[Start of Attachment]

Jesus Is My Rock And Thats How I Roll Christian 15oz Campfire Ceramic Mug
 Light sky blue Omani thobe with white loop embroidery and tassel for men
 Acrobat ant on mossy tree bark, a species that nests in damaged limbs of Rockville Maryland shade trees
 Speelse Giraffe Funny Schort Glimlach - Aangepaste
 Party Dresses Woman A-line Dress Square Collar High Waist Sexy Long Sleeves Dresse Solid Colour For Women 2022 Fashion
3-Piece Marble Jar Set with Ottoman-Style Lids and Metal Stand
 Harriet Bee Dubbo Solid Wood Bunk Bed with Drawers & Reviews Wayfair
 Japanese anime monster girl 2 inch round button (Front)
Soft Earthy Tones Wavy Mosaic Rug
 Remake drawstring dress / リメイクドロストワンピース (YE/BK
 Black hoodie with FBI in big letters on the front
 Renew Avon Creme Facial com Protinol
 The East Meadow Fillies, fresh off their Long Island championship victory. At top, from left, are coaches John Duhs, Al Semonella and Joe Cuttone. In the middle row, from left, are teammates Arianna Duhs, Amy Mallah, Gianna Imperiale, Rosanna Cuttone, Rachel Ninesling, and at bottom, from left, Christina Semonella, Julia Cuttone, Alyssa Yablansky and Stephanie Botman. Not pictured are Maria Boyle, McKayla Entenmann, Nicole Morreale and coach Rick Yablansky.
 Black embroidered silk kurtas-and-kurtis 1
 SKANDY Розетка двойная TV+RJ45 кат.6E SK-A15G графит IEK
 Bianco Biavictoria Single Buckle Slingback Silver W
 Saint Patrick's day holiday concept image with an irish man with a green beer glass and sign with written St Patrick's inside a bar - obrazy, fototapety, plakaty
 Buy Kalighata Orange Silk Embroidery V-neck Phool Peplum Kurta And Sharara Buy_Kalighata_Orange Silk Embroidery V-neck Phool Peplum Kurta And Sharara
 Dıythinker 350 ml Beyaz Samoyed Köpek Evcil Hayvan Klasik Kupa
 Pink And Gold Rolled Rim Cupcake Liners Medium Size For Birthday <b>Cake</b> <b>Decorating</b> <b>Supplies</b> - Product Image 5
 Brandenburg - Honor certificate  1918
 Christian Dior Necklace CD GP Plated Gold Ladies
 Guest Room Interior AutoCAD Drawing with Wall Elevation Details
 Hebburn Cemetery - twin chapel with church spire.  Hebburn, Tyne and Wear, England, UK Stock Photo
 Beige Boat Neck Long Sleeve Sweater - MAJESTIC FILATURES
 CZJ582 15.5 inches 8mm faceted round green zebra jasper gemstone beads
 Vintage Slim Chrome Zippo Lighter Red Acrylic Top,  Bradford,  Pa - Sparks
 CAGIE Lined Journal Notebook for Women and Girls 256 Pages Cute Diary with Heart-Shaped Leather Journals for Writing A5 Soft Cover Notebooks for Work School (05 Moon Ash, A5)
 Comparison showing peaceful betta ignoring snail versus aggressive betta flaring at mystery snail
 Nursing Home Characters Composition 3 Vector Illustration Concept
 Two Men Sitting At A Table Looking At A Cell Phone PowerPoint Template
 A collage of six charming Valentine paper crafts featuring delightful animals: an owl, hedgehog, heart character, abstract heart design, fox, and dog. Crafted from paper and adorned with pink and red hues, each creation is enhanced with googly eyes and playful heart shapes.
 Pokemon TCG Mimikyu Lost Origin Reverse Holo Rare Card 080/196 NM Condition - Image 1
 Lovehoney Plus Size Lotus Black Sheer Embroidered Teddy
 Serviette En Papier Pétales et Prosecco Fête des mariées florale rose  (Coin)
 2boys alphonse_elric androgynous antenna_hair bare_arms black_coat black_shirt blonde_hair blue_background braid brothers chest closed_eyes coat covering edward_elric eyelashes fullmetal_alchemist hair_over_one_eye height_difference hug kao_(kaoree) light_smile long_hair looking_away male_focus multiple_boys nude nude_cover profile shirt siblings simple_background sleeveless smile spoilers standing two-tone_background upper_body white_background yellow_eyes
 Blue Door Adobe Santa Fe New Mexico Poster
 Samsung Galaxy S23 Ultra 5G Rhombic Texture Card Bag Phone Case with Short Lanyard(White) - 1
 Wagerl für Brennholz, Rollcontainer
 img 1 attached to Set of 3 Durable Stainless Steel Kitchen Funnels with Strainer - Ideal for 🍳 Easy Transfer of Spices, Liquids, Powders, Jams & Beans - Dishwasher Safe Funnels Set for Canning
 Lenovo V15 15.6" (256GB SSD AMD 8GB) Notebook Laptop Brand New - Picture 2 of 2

[End of Attachment]

Only those lines of the entries above that run from the line containing "3-Piece Marble Jar" to the line containing "SKANDY Розетка двойная", both included, should be transcribed exactly.

3-Piece Marble Jar Set with Ottoman-Style Lids and Metal Stand
 Harriet Bee Dubbo Solid Wood Bunk Bed with Drawers & Reviews Wayfair
 Japanese anime monster girl 2 inch round button (Front)
Soft Earthy Tones Wavy Mosaic Rug
 Remake drawstring dress / リメイクドロストワンピース (YE/BK
 Black hoodie with FBI in big letters on the front
 Renew Avon Creme Facial com Protinol
 The East Meadow Fillies, fresh off their Long Island championship victory. At top, from left, are coaches John Duhs, Al Semonella and Joe Cuttone. In the middle row, from left, are teammates Arianna Duhs, Amy Mallah, Gianna Imperiale, Rosanna Cuttone, Rachel Ninesling, and at bottom, from left, Christina Semonella, Julia Cuttone, Alyssa Yablansky and Stephanie Botman. Not pictured are Maria Boyle, McKayla Entenmann, Nicole Morreale and coach Rick Yablansky.
 Black embroidered silk kurtas-and-kurtis 1
 SKANDY Розетка двойная TV+RJ45 кат.6E SK-A15G графит IEK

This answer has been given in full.